Trade literature disseminates information on the latest advances in material production and in occupations not dealing with the production of material goods, for example, the work of doctors and teachers. It is always intended for a specific group of specialists or for persons who wish to master a given speciality. Trade literature therefore serves both educational and reference purposes and hence its detailed and precise logical organization. The topic is developed according to the sequence of production cycles, operations, or labor procedures. Concrete recommendations are made, but no scientific substantiation is provided, nor are reasons given for the selection of the recommendations. The language of trade literature should correspond in its professional level to the intended reader’s level of preparation. Trade publications soon become outdated owing to scientific and technical progress. This is the reason for the large number of new publications and the frequent appearance of revised editions (approximately every three or four years).

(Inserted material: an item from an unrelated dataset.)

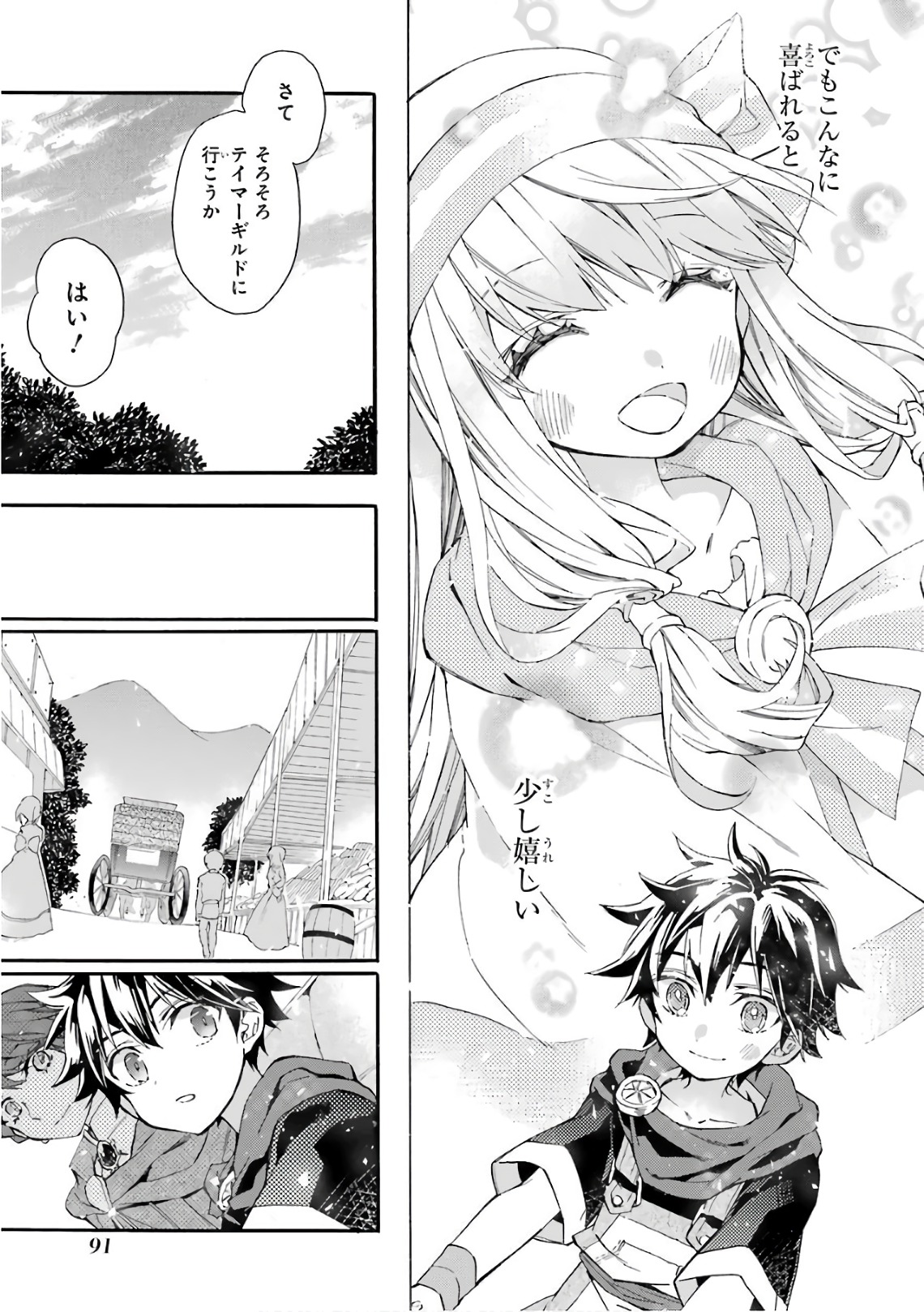 Kami-tachi ni Hirowareta Otoko Chap 7 - Next Chap 8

A rapid growth of trade literature was characteristic for the epoch of developing capitalism. Owing to the fierce competition among companies in present-day bourgeois society, the number of publications dealing with practical applications is low and becoming still lower. In socialist society, trade literature is published at a high and stable rate. The publication of trade literature in the developing countries is increasing.

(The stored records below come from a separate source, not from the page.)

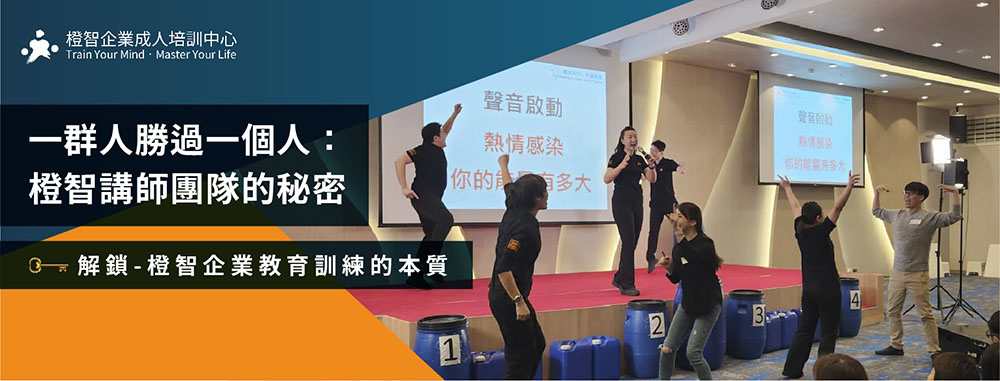 一群人勝過一個人：橙智講師團隊的秘密🔓解鎖-橙智企業教育訓練的本質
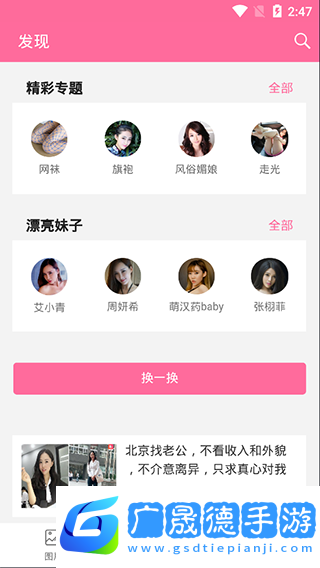 美之圖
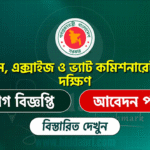 কাস্টমস, এক্সাইজ ও ভ্যাট কমিশনারেট, ঢাকা (দক্ষিণ) এ নিয়োগ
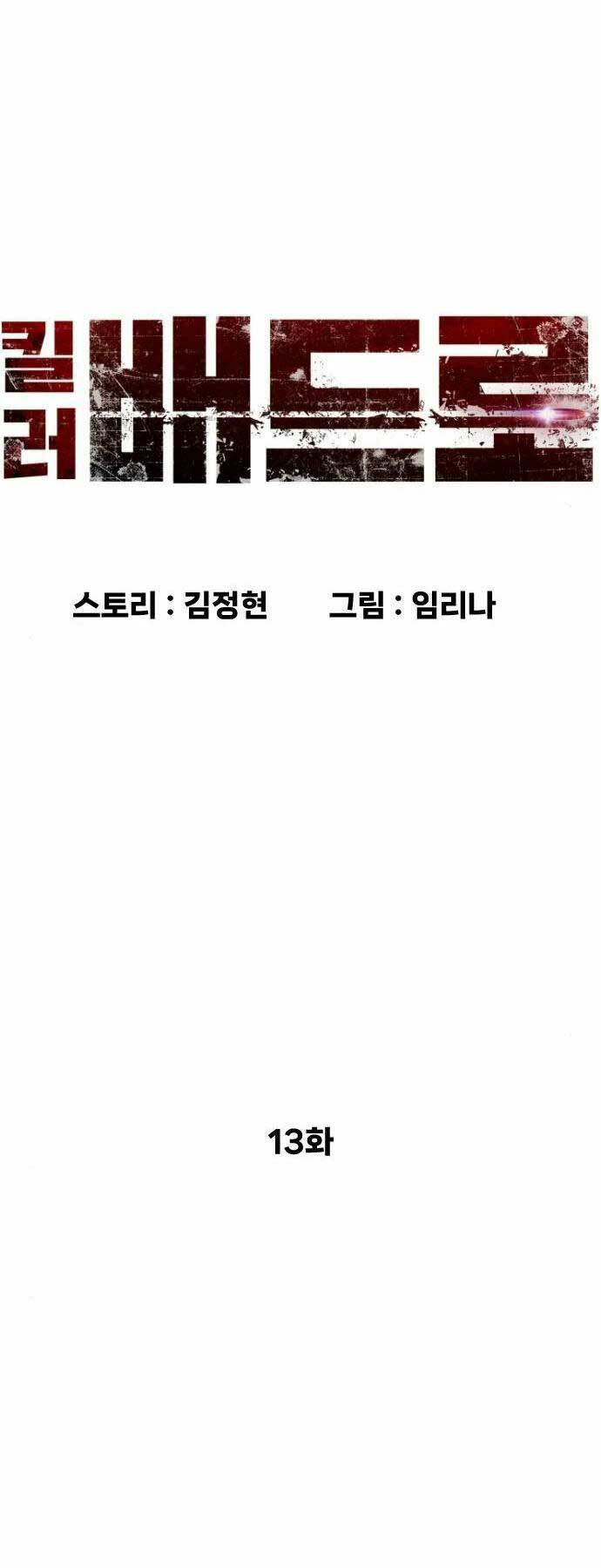 page_63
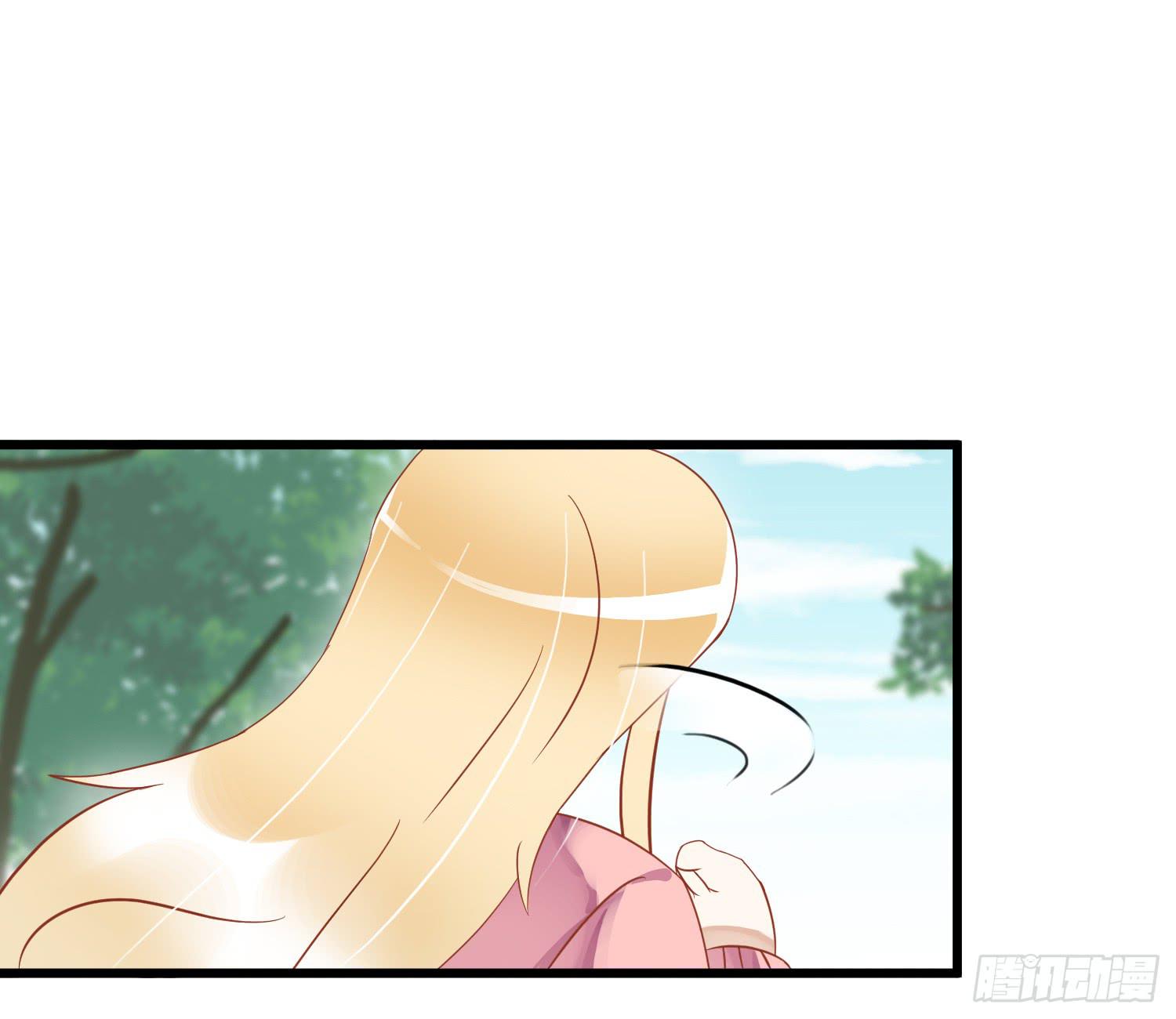 灭了谁-第65话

Trade publications include handbooks and manuals, monographs and serial publications, such as Builder’s Library and Economics of Metallurgical Production, and descriptions of new methods in industry. Other types of trade publications are albums of designs and plans, pamphlets, specifications, technological instructions and norms, and operating and servicing instructions. Monographs dealing with applied science and published for advanced study by highly qualified specialists are becoming increasingly common. They reflect the practical results and potential of scientific research and development.
In the USSR, trade literature is published by specialized central publishing houses, of which the largest are Mashinostroenie, Kolos, Nedra, Metallurgiia, Transport, Stroiizdat, and Energiia. It is also published by republic and local publishing houses. In addition to books and pamphlets, the specialized central publishing houses publish specialized trade journals.
REFERENCESLenin, V. I. “Tezisy o proisvodstvennoi propagande.” Poln. sobr. soch, 5th ed., vol. 42, pp. 14–15.
Teplov, D. Iu. Tipy i vidy tekhnicheskoi literatury. Leningrad, 1973.
Cherniak, A. Ia. “Lenin i sovetskaia tekhnicheskaia kniga.” In the collection Kniga: Issledovaniia i materialy, collection 20. Moscow, 1970.